At the northern end of the beach, I cross the sand and head for the swimming pool. One hardy person is swimming laps. A young woman in exercise gear poses for photographs. Beyond the pool, I clamber over rocks, aiming for the pink heart painted on the rock face at the end of the headland. The heart marks the entrance to a ‘secret’ tunnel. I am pleased to be wearing sturdy shoes. The wet rocks are slippery in places and the ‘beware of rockfalls’ signs are rather disconcerting. I don’t think I would attempt this at high tide. There, just as described, and to the left of the heart is the tunnel entrance. The Wormhole or Queenscliff Tunnel as it is called, was cut into the rock by local fishermen in 1908. A colourful door hanging has been painted over the opening. I can just see light reflecting on the wet walls and floor at the Freshwater end of the tunnel. I walk carefully over the uneven surface to the other side where, the expansive view of the ocean is mine to enjoy. I listen to the sound of the crashing waves and inspect the beautifully weathered sandstone before retracing my steps. I don’t attempt to walk on to Freshwater via the rocks. A woman and her two children are making their way to the tunnel. It is not so secret after all.

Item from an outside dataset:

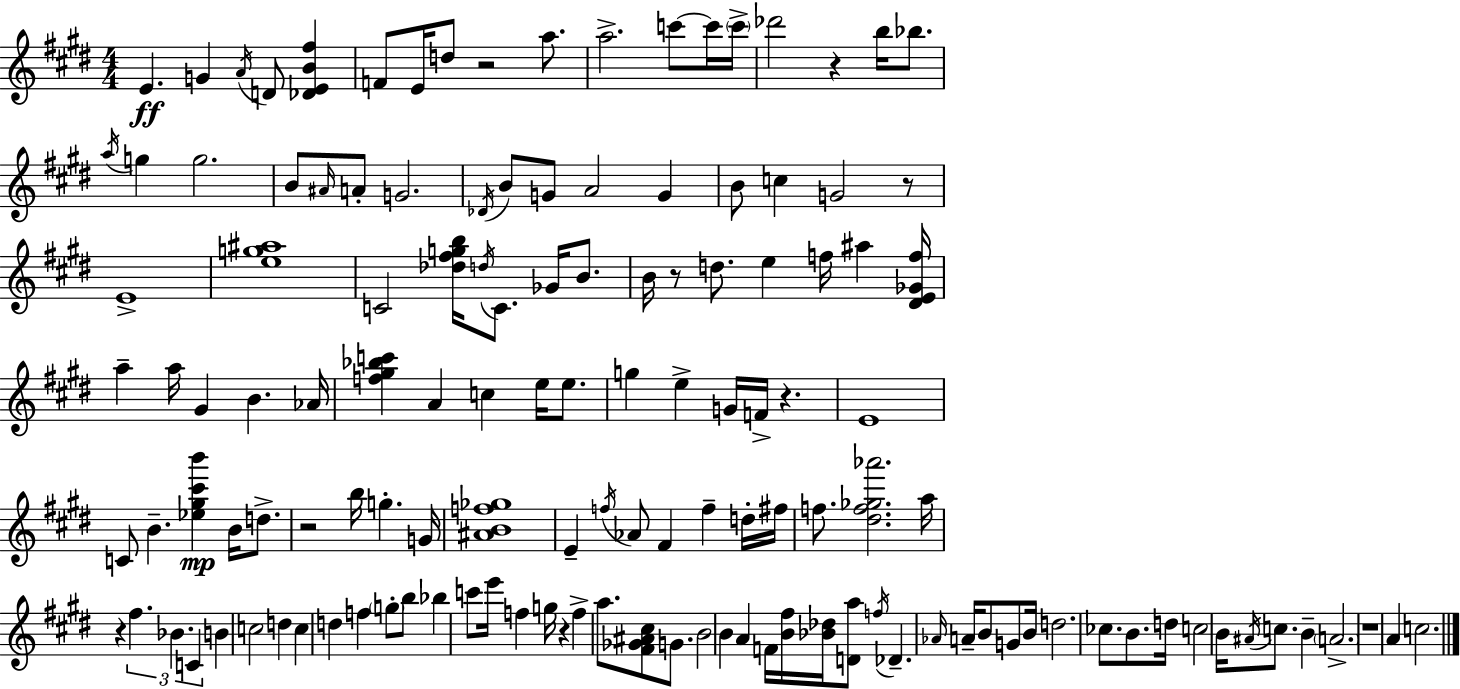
E4/q. G4/q A4/s D4/e [Db4,E4,B4,F#5]/q F4/e E4/s D5/e R/h A5/e. A5/h. C6/e C6/s C6/s Db6/h R/q B5/s Bb5/e. A5/s G5/q G5/h. B4/e A#4/s A4/e G4/h. Db4/s B4/e G4/e A4/h G4/q B4/e C5/q G4/h R/e E4/w [E5,G5,A#5]/w C4/h [Db5,F#5,G5,B5]/s D5/s C4/e. Gb4/s B4/e. B4/s R/e D5/e. E5/q F5/s A#5/q [D#4,E4,Gb4,F5]/s A5/q A5/s G#4/q B4/q. Ab4/s [F5,G#5,Bb5,C6]/q A4/q C5/q E5/s E5/e. G5/q E5/q G4/s F4/s R/q. E4/w C4/e B4/q. [Eb5,G#5,C#6,B6]/q B4/s D5/e. R/h B5/s G5/q. G4/s [A#4,B4,F5,Gb5]/w E4/q F5/s Ab4/e F#4/q F5/q D5/s F#5/s F5/e. [D#5,F5,Gb5,Ab6]/h. A5/s R/q F#5/q. Bb4/q. C4/q B4/q C5/h D5/q C5/q D5/q F5/q G5/e B5/e Bb5/q C6/e E6/s F5/q G5/s R/q F5/q A5/e. [F#4,Gb4,A#4,C#5]/e G4/e. B4/h B4/q A4/q F4/s [B4,F#5]/s [Bb4,Db5]/s [D4,A5]/e F5/s Db4/q. Ab4/s A4/s B4/e G4/e B4/s D5/h. CES5/e. B4/e. D5/s C5/h B4/s A#4/s C5/e. B4/q A4/h. R/w A4/q C5/h.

Beyond the swimming pool, I climb the stairs to Freshwater. I was here a few years ago when I walked the 50km Coastrek. Today is rather more relaxed. A sign carved into a rock indicates the way to Harbord, evidence that Freshwater was once known as Harbord. The suburb was first called Freshwater and the local public school, built in 1912, was Freshwater Public. In 1923 after a strong community push, the suburb became Harbord after the Harbord Estate. In 2008 after a public consultation and vote it reverted to the original name of Freshwater.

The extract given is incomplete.